AI/ML

Google Coral TPU and TensorRT (Frigate + NVIDIA GPU/TensorRT)

by MICHAL 2025-02-262025-03-09

These are two majors which allow to run object detection models. Google Coral TPU is a physical module which can be in a form of USB stick. TensorRT is a feature of GPU runtime. Both allows to run detection models on them.

Coral TPU:

And TensorRT:

Compute Capabilities requirements

CC 5.0 is required to run DeepStack and TensorRT, but 7.0 to run Ollama moondream:1.8b. Even having GPU with CC 5.0 which is minimum required to run for instance TensorRT might be not enough due to some minor differences in implementation. It is better to run on GPU with higher CC. Moreover running on CC 5.0 means that GPU is older one which leads to performance degradation even as low as having 2 or 3 camera feeds for analysis.

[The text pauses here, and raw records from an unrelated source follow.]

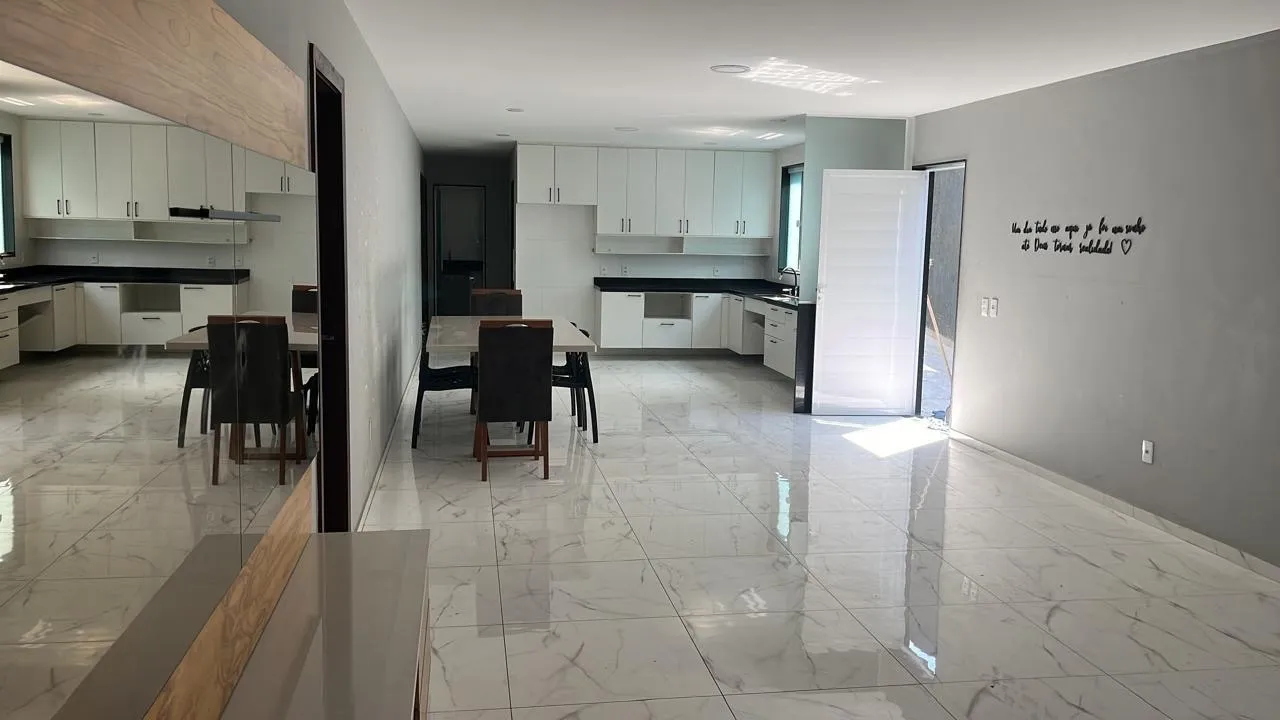4-bedroom house, 160 m²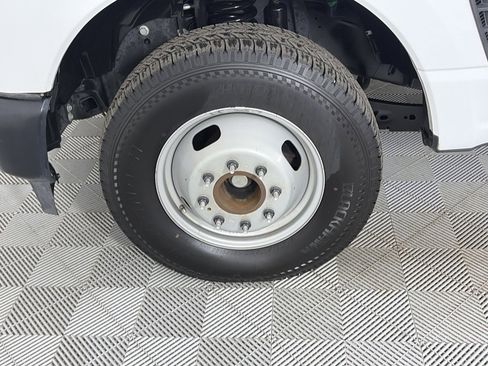 Used 2023 Ford F350 XL image 8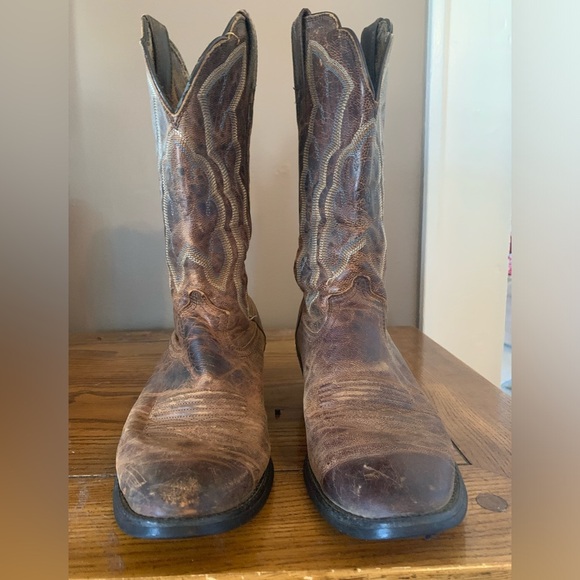 Ariat Cowboy Boots - Picture 2 of 6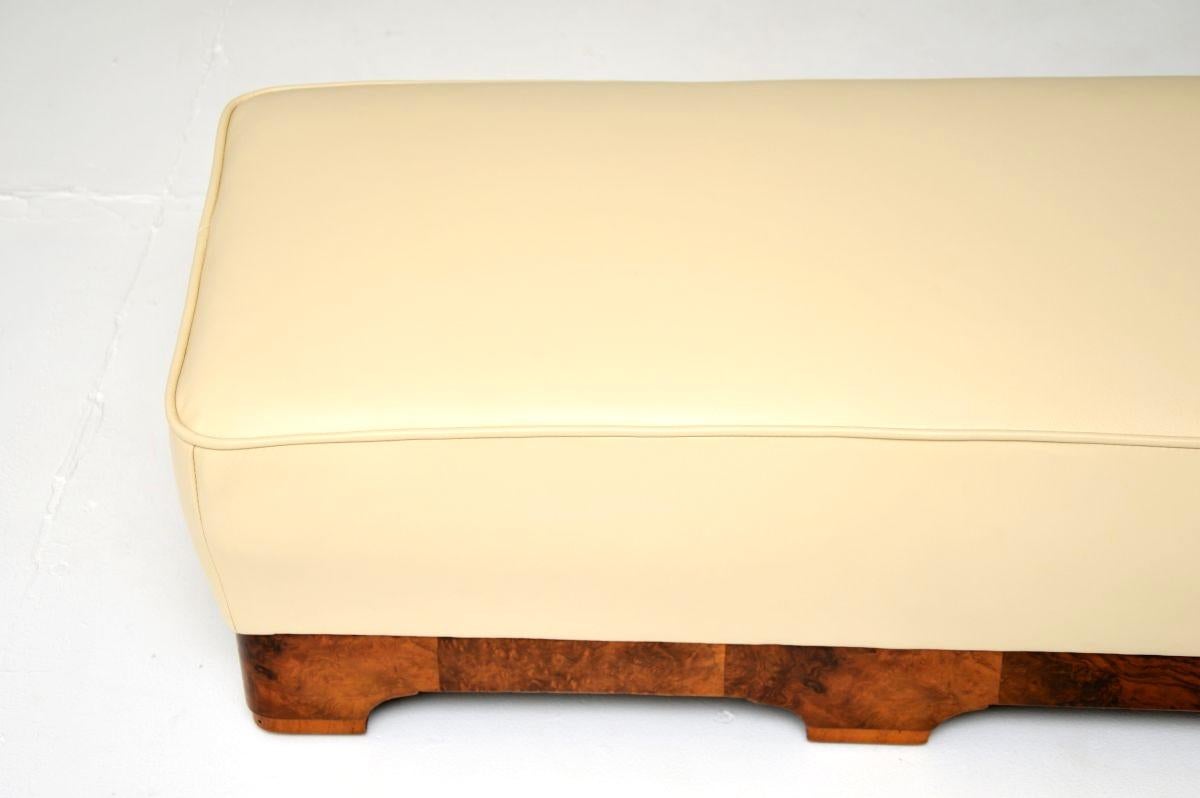 Art Deco Burr Walnut and Leather Stool (Leder) im Angebot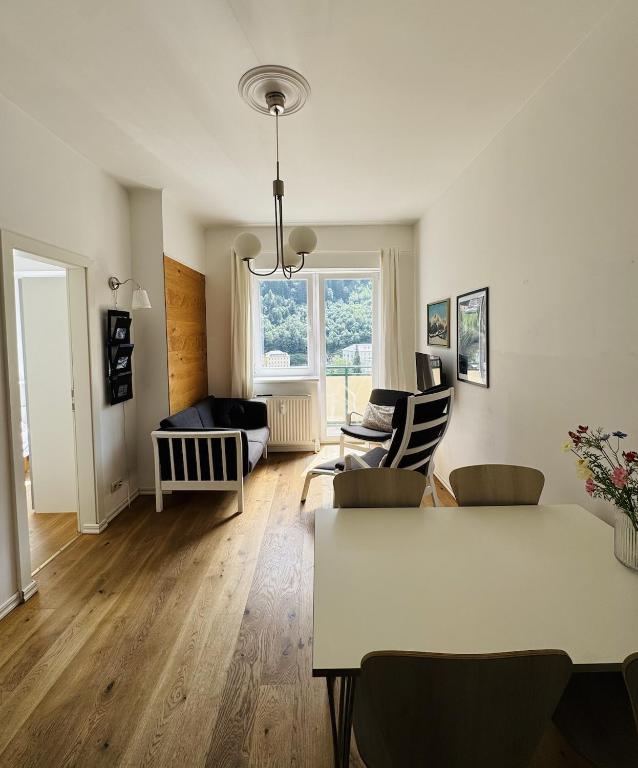 Cozy apartment with VIEWS - 3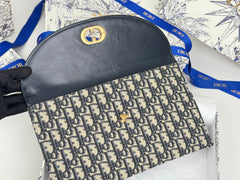DIOR 25S 30 MONTAIGNE AVENUE POUCH WITH FLAP 30 IN BLUE DIOR OBLIQUE JACQUARD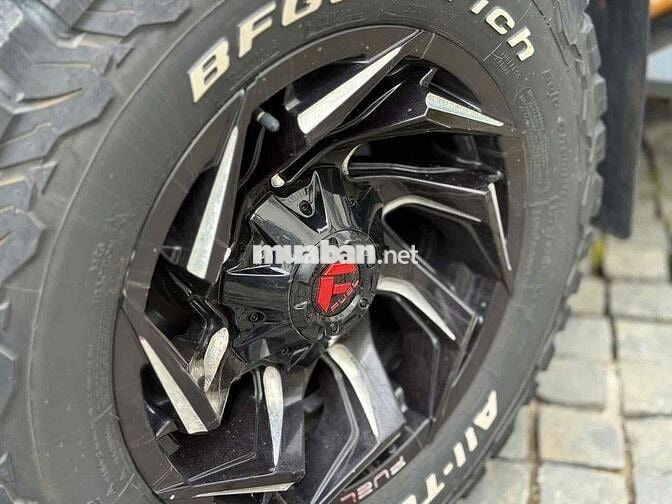 Ford Ranger Wildtrak 2024 1 Chủ 100 triệu đồ chơi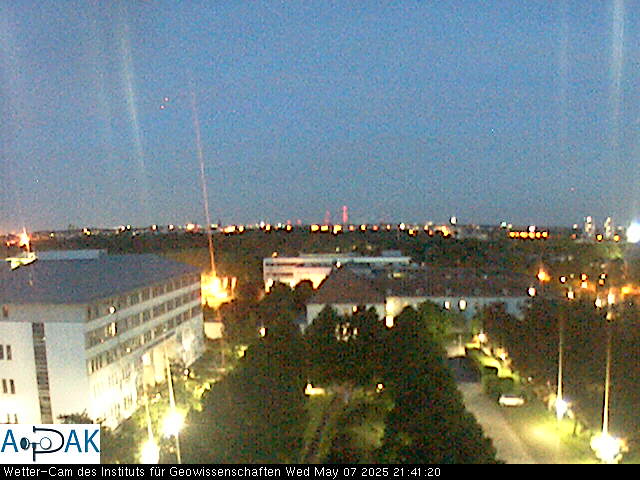 https://wdaten.geo.uni-halle.de/bitmaps/image25-05-07_21-41-21-00.jpg  25-05-07 21:41:21 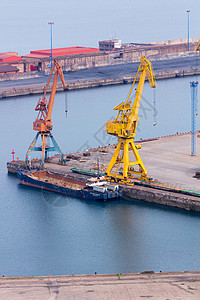 港口装货的大型起重机图片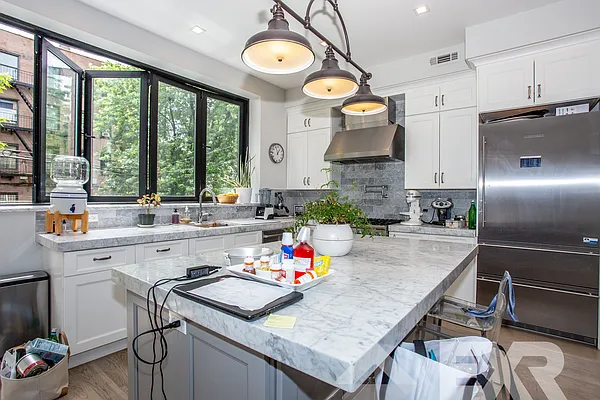 Rented by EXR | media 5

Running TensorRT detection models (popular ones) requires little VRAM memory, 300 – 500 MB but it requires plenty of GPU cores and supplemental physical components to be present in such GPU, with high working clocks. In other words, you can fit those models in older GPUs but it will not perform well.

Other side of the story is to run Ollama which is GenAI requiring CC 7.0 and higher. Ollama with moondream:1.8b which is the smallest available detection model still requires little more than 3GB of VRAM.

TensorRT on Geforce MX940

You can run TensorRT object detector from Frigate on NVIDIA Geforce 940MX with CC 5.0, but it will get hot at the same time you launch it. It run on driver 550 with CUDA 12.4 as follows on only one camera RTSP feed:

So this is not an option as we may burn this laptop GPU quickly. Configuration for TensorRT:

detectors:
  tensorrt:
    type: tensorrt
    device: 0

model:
  path: /config/model_cache/tensorrt/yolov7-320.trt
  input_tensor: nchw
  input_pixel_format: rgb
  width: 320
  height: 320

To start Docker container you need to pass YOLO_MODELS environment variable:

docker run -d \
  --name frigate \
  --restart=unless-stopped \
  --stop-timeout 30 \
  --mount type=tmpfs,target=/tmp/cache,tmpfs-size=1000000000 \
  --shm-size=1024m \
  --device /dev/bus/usb:/dev/bus/usb \
  --device /dev/dri/renderD128 \
  -v ./frigate-media:/media/frigate \
  -v ./frigate-config:/config \
  -v /etc/localtime:/etc/localtime:ro \
  -e FRIGATE_RTSP_PASSWORD='password' \
  -e YOLO_MODELS=yolov7x-640 \
  -p 8971:8971 \
  -p 8554:8554 \
  -p 8555:8555/tcp \
  -p 8555:8555/udp \
  --gpus all \
  ghcr.io/blakeblackshear/frigate:stable-tensorrt

Pleas notice that Docker image is different if you want to run use GPU with TensorRT than without it. It is also not possible to run hardware accelerated decoder using FFMPEG with 940MX so disable it by passing empty array:

cameras:
  myname:
    enabled: true
    ffmpeg:
      inputs:
        - path: rtsp://user:pass@addr:port/main
          roles:
            - detect
            - record
      hwaccel_args: []

However if you would like to try hardware decoder with different GPU or CPU the play with this values:

preset-vaapi
present-nvidia

TensorRT on “modern” GPU

It is the best to run TensorRT on modern GPU with highest possible CC feature set. It will run detection fast, it will not get hot as quickly. Moreover it will have hardware support for video decoding. And even more you could run GenAI on the same machine.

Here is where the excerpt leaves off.